Because I believe that students should have equal opportunity, I stand to affirm the resolution that Public high school students in the United States ought not be required to pass standardized exit exams to graduate.

Before we begin I would like to offer the following definitions:

Standardized exit exam- (by the free online dictionary) is any empirically developed examination with established reliability and validity as determined by repeated evaluation of the method and results.

My value for this round will be that of equal opportunity. This is defined as Policies and practices in employment and education that promote full participation and do not discriminate against persons on the basis of race, color, religion, sex, age, disability, national origin, veteran status or sexual orientation. So this must be the value because it is the only way to promote full participation within schools.

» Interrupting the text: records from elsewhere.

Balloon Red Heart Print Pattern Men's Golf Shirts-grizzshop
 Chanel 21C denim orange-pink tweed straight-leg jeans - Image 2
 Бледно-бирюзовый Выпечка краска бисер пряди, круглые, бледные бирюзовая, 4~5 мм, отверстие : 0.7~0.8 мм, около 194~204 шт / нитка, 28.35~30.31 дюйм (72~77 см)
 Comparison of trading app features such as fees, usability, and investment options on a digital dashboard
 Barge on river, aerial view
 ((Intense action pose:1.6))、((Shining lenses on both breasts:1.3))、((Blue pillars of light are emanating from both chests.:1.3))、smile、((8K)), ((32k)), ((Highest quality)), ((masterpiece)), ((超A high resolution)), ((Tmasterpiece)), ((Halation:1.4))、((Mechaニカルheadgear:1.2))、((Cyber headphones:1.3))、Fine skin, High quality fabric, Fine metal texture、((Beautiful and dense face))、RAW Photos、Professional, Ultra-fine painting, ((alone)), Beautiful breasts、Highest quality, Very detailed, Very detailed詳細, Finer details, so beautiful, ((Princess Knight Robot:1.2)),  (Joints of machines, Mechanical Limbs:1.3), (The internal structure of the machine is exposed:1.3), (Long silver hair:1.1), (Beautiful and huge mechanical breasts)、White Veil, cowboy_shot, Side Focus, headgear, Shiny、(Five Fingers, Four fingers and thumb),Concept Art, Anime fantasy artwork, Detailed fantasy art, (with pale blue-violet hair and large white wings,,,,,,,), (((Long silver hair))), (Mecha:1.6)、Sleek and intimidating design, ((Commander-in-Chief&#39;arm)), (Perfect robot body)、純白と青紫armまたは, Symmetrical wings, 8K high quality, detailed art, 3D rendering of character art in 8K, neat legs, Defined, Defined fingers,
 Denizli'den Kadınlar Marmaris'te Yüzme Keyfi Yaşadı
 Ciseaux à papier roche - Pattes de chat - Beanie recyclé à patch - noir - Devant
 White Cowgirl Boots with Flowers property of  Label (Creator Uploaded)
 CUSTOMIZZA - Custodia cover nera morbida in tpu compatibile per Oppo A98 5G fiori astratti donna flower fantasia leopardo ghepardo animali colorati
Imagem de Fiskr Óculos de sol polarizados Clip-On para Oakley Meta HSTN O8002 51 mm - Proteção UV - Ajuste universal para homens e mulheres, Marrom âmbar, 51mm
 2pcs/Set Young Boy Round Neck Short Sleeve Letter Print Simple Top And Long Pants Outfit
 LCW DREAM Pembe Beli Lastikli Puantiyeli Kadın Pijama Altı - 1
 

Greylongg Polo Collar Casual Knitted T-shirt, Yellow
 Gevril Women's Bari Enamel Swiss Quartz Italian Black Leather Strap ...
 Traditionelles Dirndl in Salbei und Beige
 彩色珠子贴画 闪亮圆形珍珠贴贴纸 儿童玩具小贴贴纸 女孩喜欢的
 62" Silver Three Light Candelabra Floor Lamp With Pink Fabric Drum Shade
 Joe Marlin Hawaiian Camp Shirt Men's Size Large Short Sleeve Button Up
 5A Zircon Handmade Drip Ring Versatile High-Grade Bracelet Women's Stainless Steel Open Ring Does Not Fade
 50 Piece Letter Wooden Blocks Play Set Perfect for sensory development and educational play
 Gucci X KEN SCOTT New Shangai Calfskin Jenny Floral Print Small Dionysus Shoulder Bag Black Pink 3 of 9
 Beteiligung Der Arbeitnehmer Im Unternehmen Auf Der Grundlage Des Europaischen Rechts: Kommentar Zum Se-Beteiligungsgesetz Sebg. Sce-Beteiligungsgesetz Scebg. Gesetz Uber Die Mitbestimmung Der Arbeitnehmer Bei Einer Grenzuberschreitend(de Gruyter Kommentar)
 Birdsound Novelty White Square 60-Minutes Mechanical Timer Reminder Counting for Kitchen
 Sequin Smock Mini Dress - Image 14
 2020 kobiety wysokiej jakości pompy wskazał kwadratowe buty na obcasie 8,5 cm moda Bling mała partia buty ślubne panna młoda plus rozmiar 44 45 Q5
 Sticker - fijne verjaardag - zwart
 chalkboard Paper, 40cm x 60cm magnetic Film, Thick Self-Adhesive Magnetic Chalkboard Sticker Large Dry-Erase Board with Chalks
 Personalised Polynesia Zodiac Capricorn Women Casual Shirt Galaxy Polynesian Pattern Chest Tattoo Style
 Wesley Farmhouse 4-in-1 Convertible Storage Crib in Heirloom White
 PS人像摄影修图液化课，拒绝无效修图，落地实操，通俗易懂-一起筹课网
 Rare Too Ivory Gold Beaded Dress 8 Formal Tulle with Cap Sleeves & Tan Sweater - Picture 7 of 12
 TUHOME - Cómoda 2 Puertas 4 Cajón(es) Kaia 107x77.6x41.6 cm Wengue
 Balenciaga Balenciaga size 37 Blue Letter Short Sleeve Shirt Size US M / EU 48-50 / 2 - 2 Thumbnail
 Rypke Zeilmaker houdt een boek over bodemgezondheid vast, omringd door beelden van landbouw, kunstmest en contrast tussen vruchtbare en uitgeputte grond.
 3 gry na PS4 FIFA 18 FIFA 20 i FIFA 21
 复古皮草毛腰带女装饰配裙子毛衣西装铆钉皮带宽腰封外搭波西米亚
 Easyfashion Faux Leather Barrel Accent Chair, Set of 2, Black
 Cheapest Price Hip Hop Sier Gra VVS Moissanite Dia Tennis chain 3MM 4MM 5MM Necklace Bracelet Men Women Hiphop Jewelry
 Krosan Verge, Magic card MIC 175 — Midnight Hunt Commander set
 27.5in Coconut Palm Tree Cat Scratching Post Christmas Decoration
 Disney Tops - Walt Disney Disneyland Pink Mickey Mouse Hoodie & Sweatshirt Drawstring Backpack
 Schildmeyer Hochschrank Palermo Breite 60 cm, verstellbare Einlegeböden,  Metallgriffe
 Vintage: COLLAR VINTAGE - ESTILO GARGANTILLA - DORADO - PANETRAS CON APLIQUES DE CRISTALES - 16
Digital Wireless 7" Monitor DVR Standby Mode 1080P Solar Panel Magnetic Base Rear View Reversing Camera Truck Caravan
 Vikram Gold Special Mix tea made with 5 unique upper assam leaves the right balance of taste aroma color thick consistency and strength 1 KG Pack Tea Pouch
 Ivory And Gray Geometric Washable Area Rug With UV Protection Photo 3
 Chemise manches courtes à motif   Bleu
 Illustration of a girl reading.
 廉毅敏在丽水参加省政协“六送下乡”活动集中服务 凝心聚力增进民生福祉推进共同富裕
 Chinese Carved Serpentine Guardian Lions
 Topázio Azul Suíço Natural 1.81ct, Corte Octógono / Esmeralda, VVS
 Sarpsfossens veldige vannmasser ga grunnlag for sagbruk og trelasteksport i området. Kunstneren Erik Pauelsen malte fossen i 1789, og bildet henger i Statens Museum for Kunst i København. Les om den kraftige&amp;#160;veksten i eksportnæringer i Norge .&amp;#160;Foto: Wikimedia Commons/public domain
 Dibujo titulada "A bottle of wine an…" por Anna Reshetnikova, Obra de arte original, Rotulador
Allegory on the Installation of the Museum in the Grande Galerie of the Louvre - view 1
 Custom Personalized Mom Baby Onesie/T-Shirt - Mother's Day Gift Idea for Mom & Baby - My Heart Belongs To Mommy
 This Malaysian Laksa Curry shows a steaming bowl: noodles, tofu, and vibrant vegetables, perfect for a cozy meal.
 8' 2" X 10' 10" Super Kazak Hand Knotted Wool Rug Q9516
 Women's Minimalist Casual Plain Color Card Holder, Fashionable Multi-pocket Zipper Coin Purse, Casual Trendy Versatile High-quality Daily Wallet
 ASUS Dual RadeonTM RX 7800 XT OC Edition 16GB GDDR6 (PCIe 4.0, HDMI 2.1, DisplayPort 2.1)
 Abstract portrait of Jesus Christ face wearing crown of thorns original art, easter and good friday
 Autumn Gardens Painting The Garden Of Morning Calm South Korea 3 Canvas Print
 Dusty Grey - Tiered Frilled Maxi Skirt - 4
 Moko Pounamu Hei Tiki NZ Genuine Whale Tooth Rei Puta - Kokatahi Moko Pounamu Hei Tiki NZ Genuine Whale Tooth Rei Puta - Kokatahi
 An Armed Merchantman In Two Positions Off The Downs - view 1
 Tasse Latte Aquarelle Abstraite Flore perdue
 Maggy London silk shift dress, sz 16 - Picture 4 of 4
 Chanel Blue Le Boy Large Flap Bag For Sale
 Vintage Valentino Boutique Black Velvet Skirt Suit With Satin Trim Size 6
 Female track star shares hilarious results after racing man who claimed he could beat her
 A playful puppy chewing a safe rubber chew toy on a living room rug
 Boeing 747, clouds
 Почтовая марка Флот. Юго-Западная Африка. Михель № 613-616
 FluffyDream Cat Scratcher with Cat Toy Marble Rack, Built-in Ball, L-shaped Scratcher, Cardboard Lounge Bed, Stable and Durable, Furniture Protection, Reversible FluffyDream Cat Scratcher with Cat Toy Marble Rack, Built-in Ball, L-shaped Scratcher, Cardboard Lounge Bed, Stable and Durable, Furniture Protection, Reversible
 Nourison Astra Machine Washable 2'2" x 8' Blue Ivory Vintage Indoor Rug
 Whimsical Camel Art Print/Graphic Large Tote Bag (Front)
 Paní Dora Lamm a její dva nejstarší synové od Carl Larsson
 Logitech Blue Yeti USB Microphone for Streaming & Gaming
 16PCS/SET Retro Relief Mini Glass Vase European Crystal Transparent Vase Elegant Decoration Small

My Standard for this round will be that of fairness. In order to achieve equal opportunity, one must look to be fair. This should be the standard for a few reasons. First standardized tests do more harm than good. Next, they lead to more biased decisions by schools. And, finally, they do not show a students true intellectual capability.

I contend that: a standard based assessment leads to major negative consequences

By imposing standards on students' minds we are, in effect, depriving them of their fundamental intellectual freedom by applying one standard set of knowledge. Standardized tests oversimplify knowledge and do not test higher-order thinking skills. State standards are externally imposed on local teachers. 
These mandatory assessments cannot work unless teachers understand and accept the philosophical underpinnings of standards. One-size-fits-all standards either dumb down instruction to the lowest common denominator or condemn low-ability students to frequent failure

So being that these extremes exist hand in hand with standardized testing, we must assume that they occur. And since these extremes occur, they can negatively affect teachers teaching abilities and over all students' ability to learn from said teachers.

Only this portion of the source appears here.